▸ **Given entries**
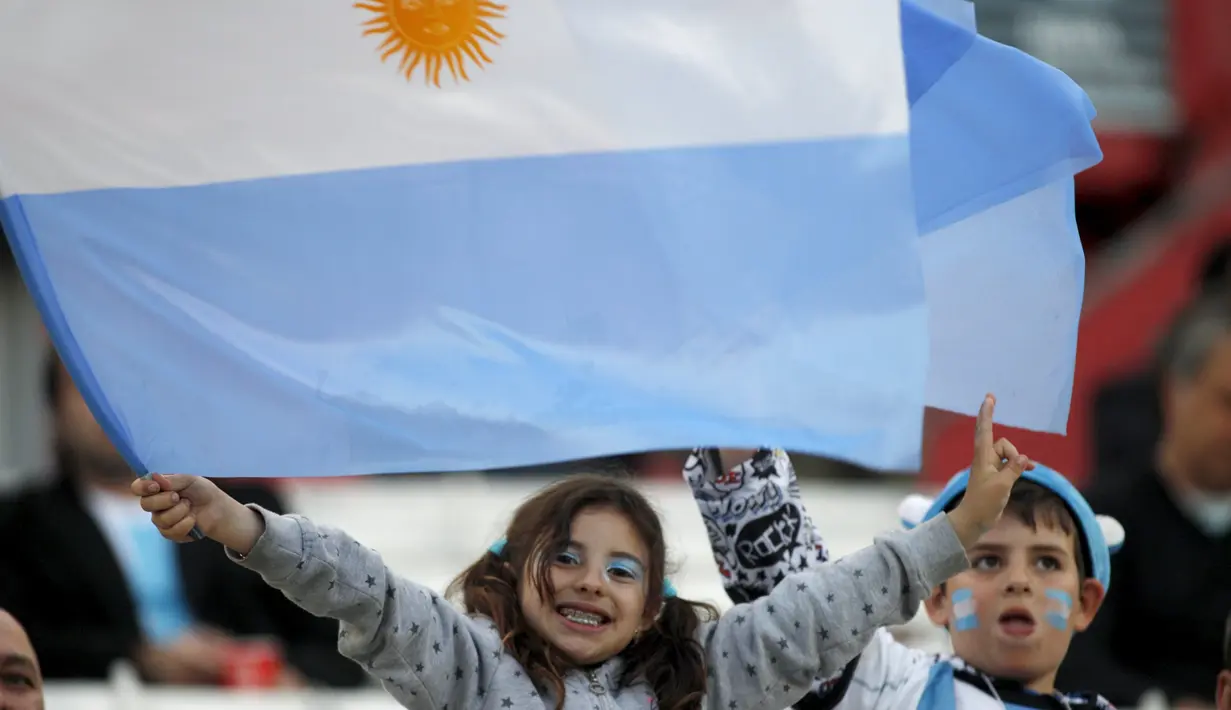 Seorang anak membentangkan bendera Argentina pada laga Pra-Piala Dunia 2018 zona CONMEBOL di Stadion Monumental Antonio Verspucio Liberti,Buenos Aires, Argentina, Sabtu (14/11/2015) WIB. Argentina dan Brasil bermain imbang 1-1. (REUTERS/Martin Acosta)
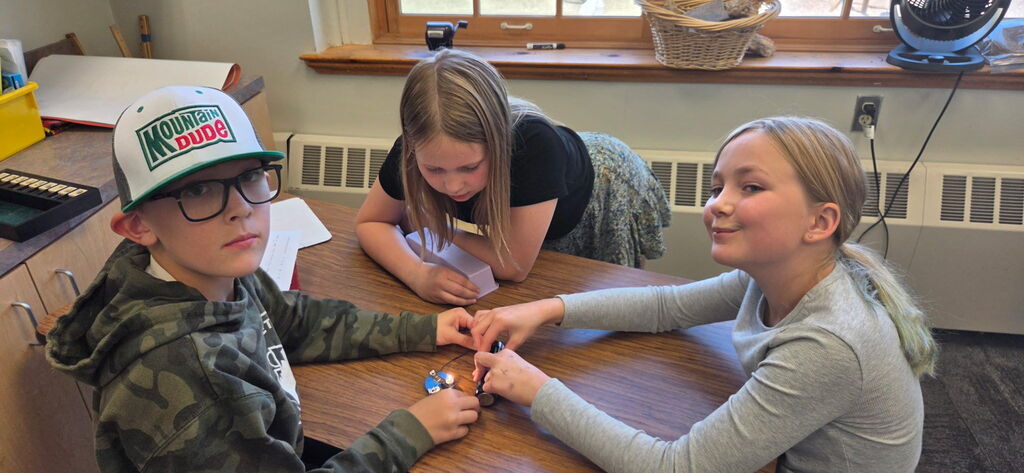 Working on their lightbulbs for Granny's flashlight.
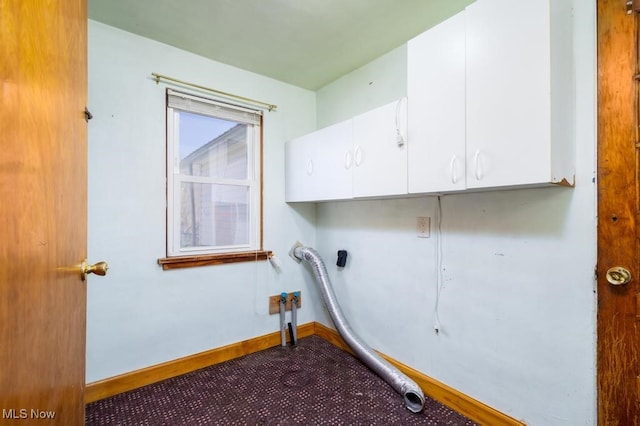 laundry area with hookup for an electric dryer and cabinets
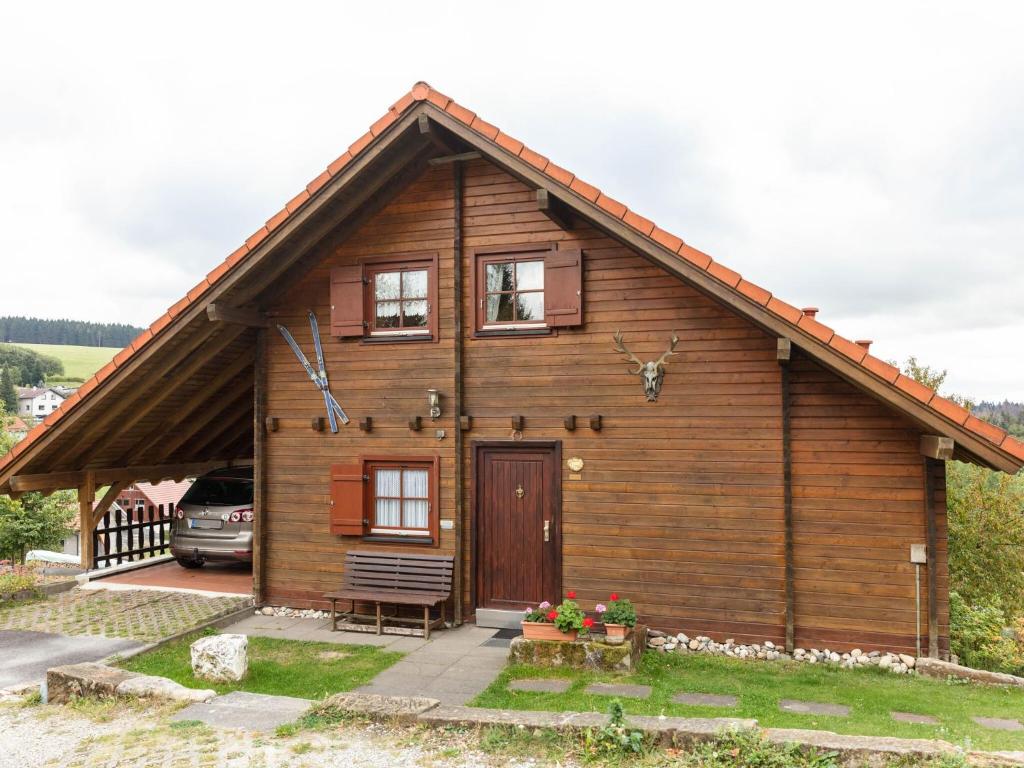 una pequeña casa de madera con un banco delante en Chalet in Hinterrod Thuringia with sauna en Eisfeld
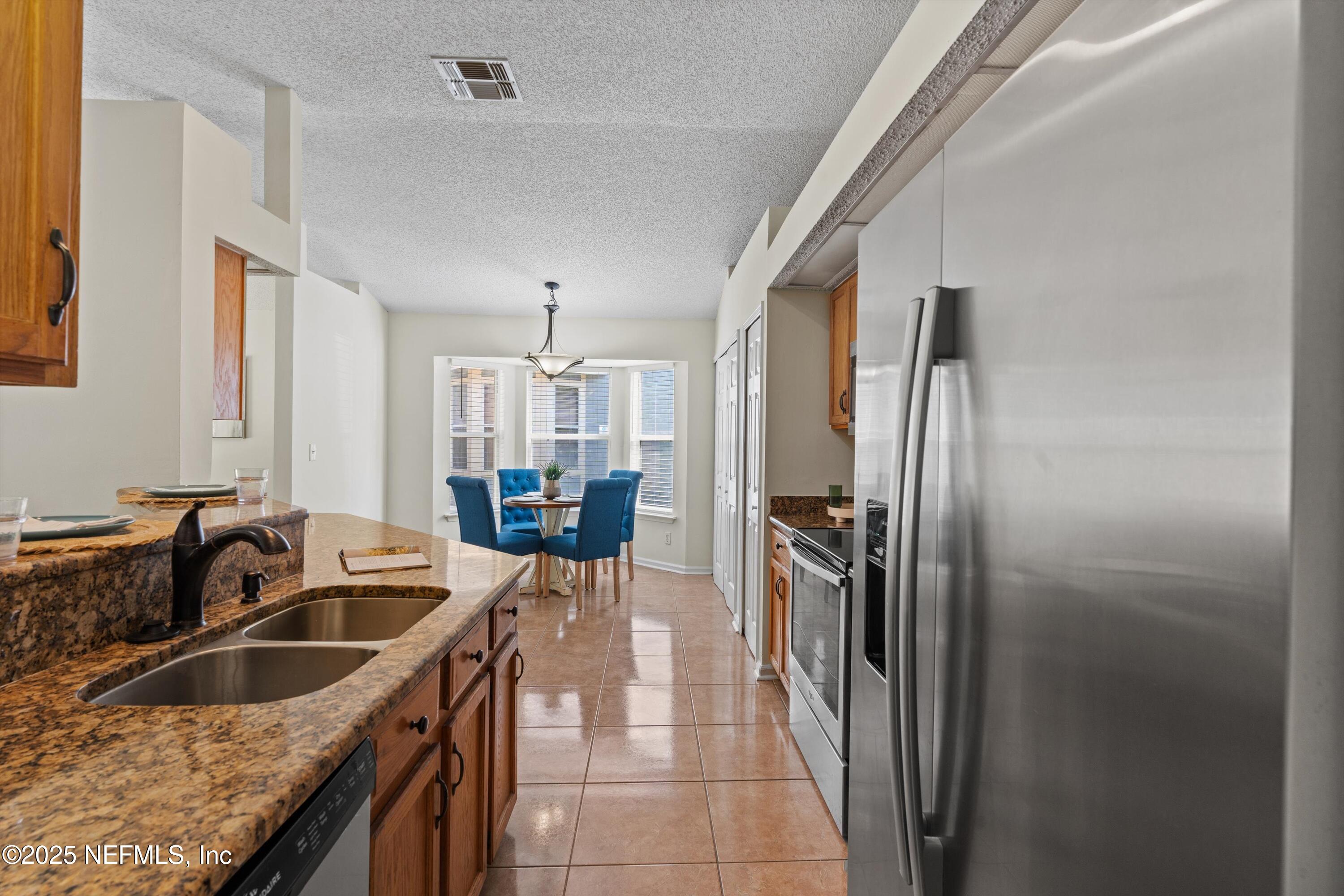 10713 Rutgers Road Jacksonville, FL 32218 - Photo 5 of 26 a kitchen with stainless steel appliances granite countertop a sink stove and refrigerator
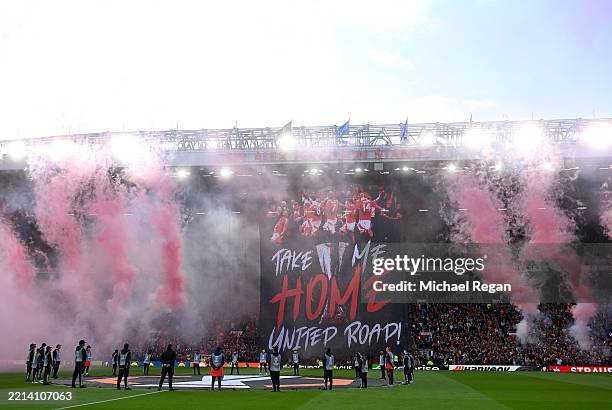 General view as fans of Manchester United display a tifo which reads "Take me home, United Road!", as a pyrotechnic display takes place prior to the...
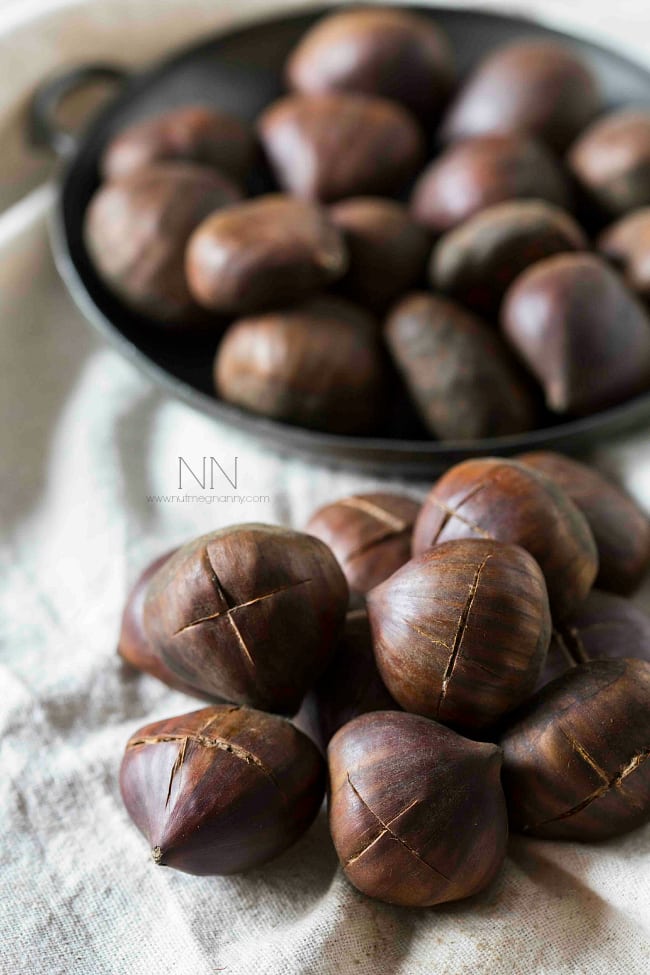 Fresh chestnuts with an X marked on their top. 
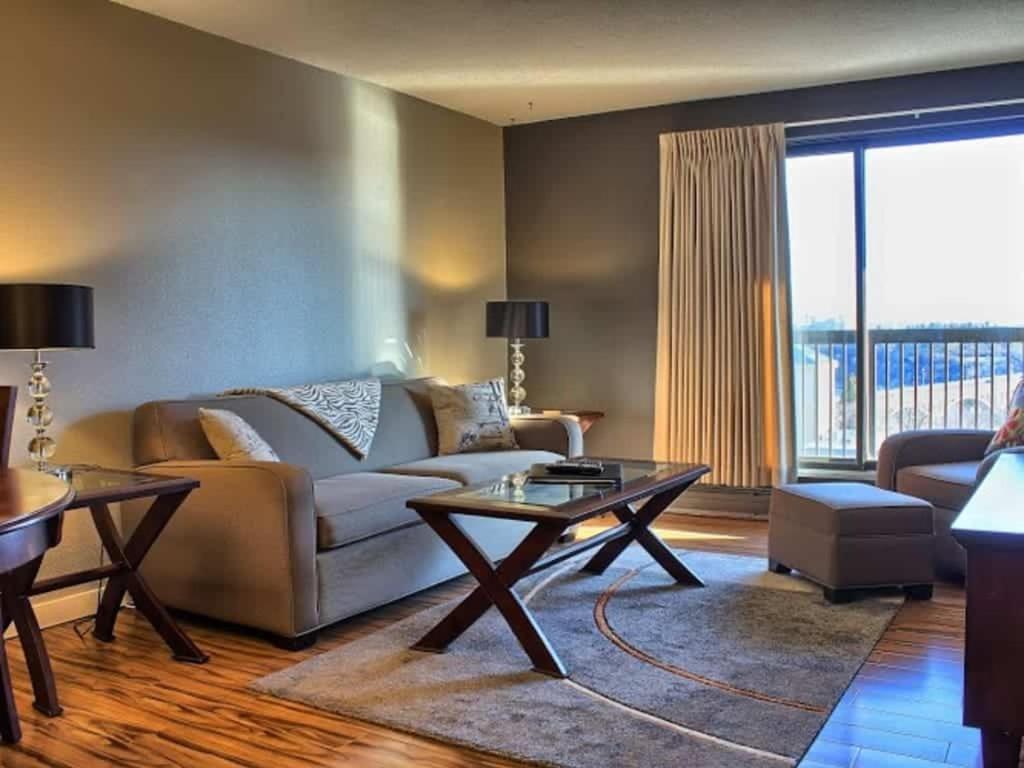 uma sala de estar com um sofá e uma mesa em Obasa Suites @ The Hallmark em Saskatoon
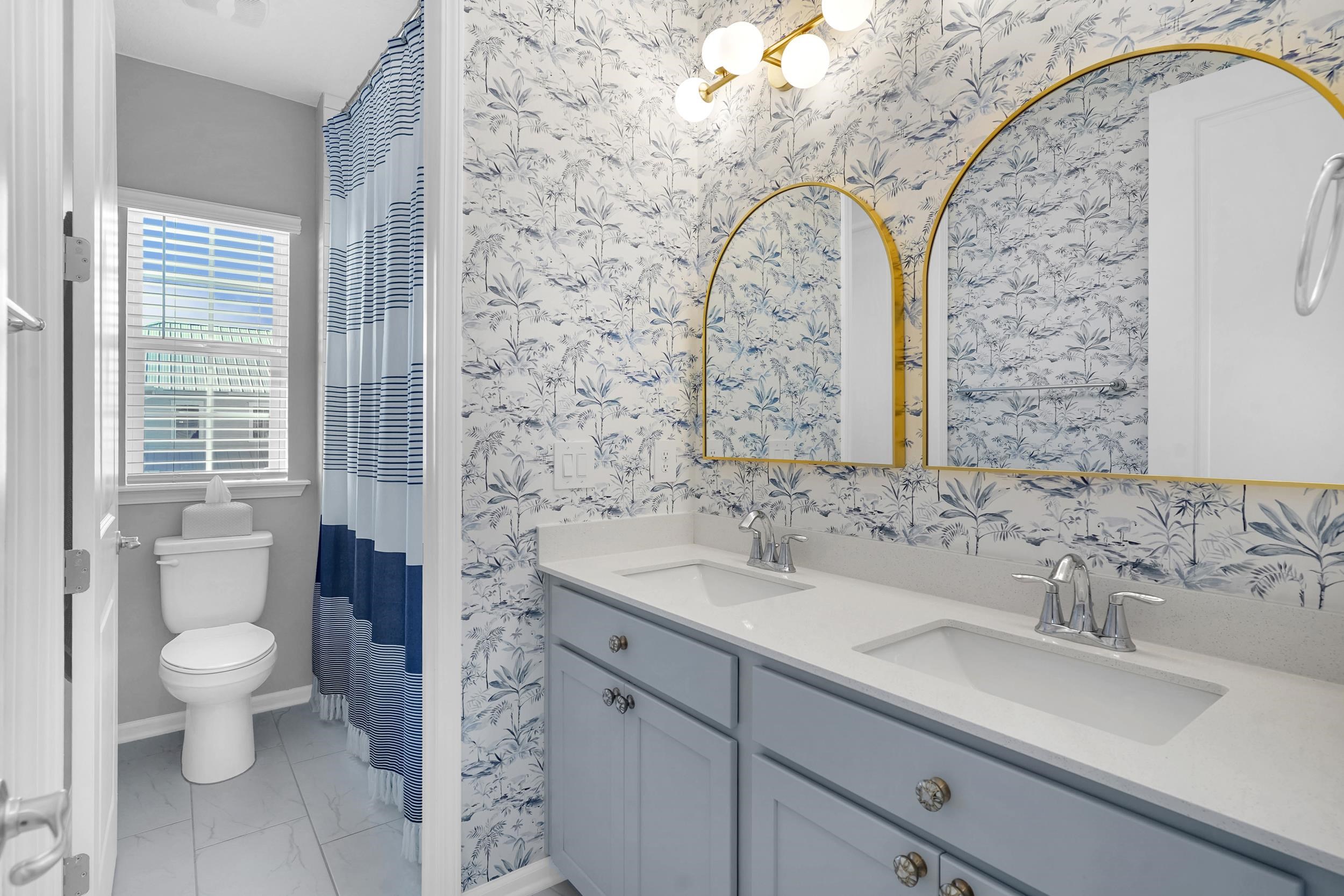 404 Rum Runner Way St. Johns, FL 32259 - Photo 23 of 41 a bathroom with a sink a toilet and a mirror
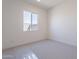 A bright bedroom with a large window offering ample natural light at 35658 N Lodestone Dr, San Tan Valley, AZ 85144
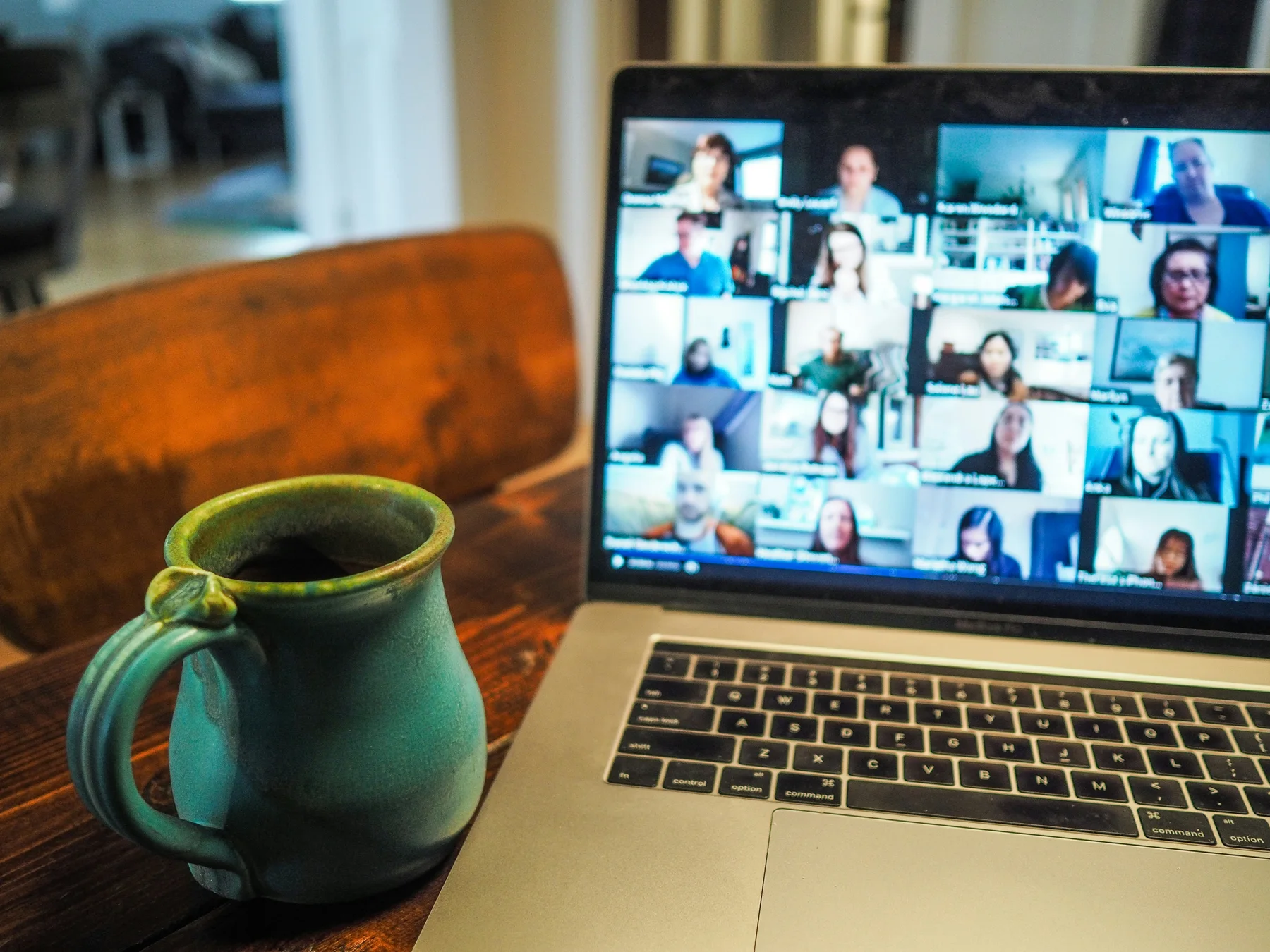 Laptop showing a global online learning session with a mug on the table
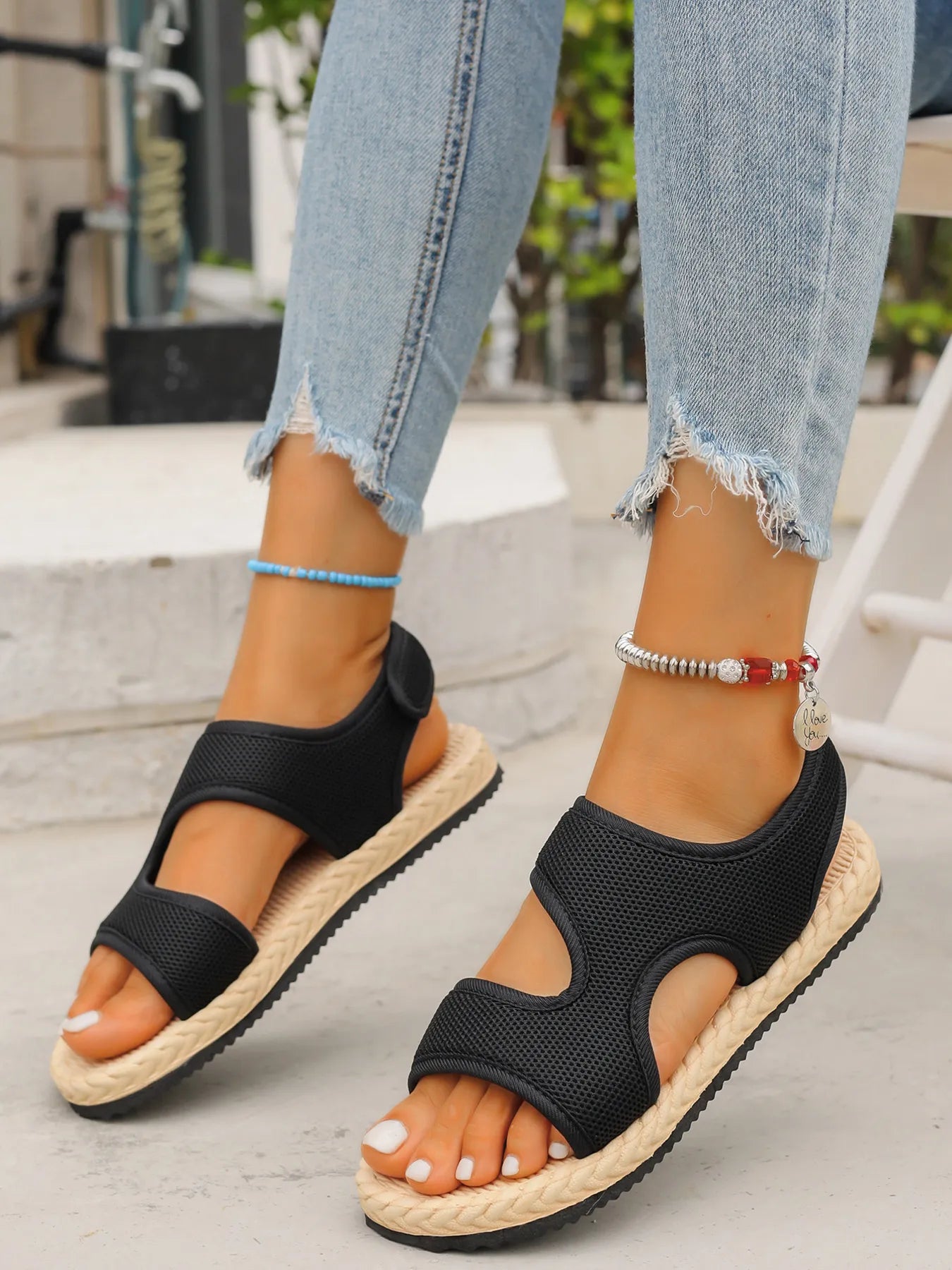 Open toe mesh flat sandals.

▸ **Task statement**
Would you please write out the entries in full, exactly as they read, but without pictures?

▸ **Your solution**
 Seorang anak membentangkan bendera Argentina pada laga Pra-Piala Dunia 2018 zona CONMEBOL di Stadion Monumental Antonio Verspucio Liberti,Buenos Aires, Argentina, Sabtu (14/11/2015) WIB. Argentina dan Brasil bermain imbang 1-1. (REUTERS/Martin Acosta)
 Working on their lightbulbs for Granny's flashlight.
 laundry area with hookup for an electric dryer and cabinets
 una pequeña casa de madera con un banco delante en Chalet in Hinterrod Thuringia with sauna en Eisfeld
 10713 Rutgers Road Jacksonville, FL 32218 - Photo 5 of 26 a kitchen with stainless steel appliances granite countertop a sink stove and refrigerator
 General view as fans of Manchester United display a tifo which reads "Take me home, United Road!", as a pyrotechnic display takes place prior to the...
 Fresh chestnuts with an X marked on their top. 
 uma sala de estar com um sofá e uma mesa em Obasa Suites @ The Hallmark em Saskatoon
 404 Rum Runner Way St. Johns, FL 32259 - Photo 23 of 41 a bathroom with a sink a toilet and a mirror
 A bright bedroom with a large window offering ample natural light at 35658 N Lodestone Dr, San Tan Valley, AZ 85144
 Laptop showing a global online learning session with a mug on the table
 Open toe mesh flat sandals.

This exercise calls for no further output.